Ivan Fedorov est le maire de Melitopol. Aujourd'hui, il gouverne depuis Zaporijia. A 34 ans, c'est un homme politique remarquablement jeune. Il a lui-même passé deux mois en otage en Russie.

Melitopol est le centre logistique des Russes dans le sud de l'Ukraine. Mais en même temps, c'est aussi un centre de la résistance ukrainienne. Des explosions et des attentats sont signalés presque tous les jours. Quelle est la situation actuelle?
Ivan Fedorov: Vous avez raison, Melitopol est un centre de résistance. Les collaborateurs des Russes sont actuellement en panique. Mais les Russes eux-mêmes ne le sont pas encore vraiment. Nous avons beaucoup d'informations sur le fait que des collaborateurs voulaient s'enfuir, mais en ont été empêchés par les autorités russes. Leurs familles sont toutefois déjà parties.

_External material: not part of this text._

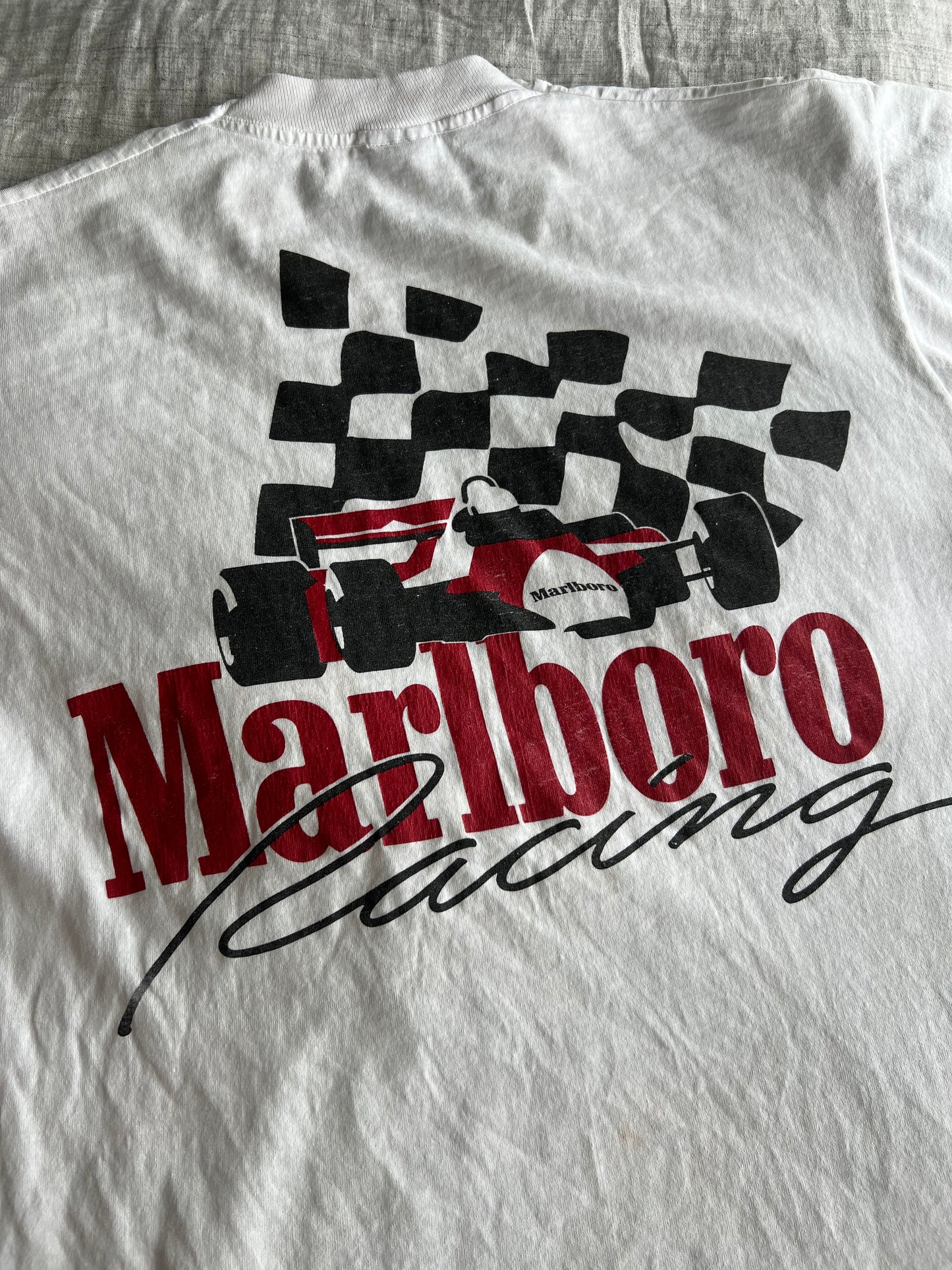 Vintage Marlboro Racing Shirt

FILE - Russian army soldiers stand next to their trucks during a rally against Russian occupation in Svobody (Freedom) Square in Kherson, Ukraine, on March 7, 2022. As Russian forces sought to tighten ...
L'occupant russe à Kherson.Image: AP

Des rapports font également état de partisans ukrainiens dans la région. Quels sont ces groupes?
La chose la plus importante que nous devons comprendre est la suivante: la Russie ne contrôle notre territoire que physiquement — même après un an et cinq mois d'occupation. Mais elle ne nous contrôle pas, elle ne contrôle pas notre attitude, elle ne contrôle pas l'humeur de nos concitoyens.

«C'est pourquoi certains organisent justement le mouvement des partisans»

Il semble que dans le cadre de la contre-offensive ukrainienne, il y ait également des avancées en direction de Melitopol. Que pouvez-vous dire à ce sujet?
Je pense que seuls les militaires devraient commenter les questions militaires. Nous avons beaucoup d'informations sur les troupes russes en territoire ukrainien et nous ne voulons pas que les troupes russes aient autant d'informations sur nos troupes. Mais nous voyons certaines choses sur la ligne de front et à l'arrière. Nous devons maintenant nous taire, aider nos soldats et leur donner tout ce dont ils ont besoin.​

Des équipes d'espions russes auraient été récemment amenées dans la ville. Est-ce que vous interprétez cela comme un signe de nervosité?
Les Russes ont tout amené à Melitopol: le FSB, le GRU, les hommes de Kadyrov, Wagner. Nous constatons que, chaque semaine, de plus en plus de troupes russes différentes arrivent sur notre territoire. Cela signifie que les Russes ne partiront pas de leur propre chef. Maintenant, nous avons vu qu'ils amènent des agents spéciaux.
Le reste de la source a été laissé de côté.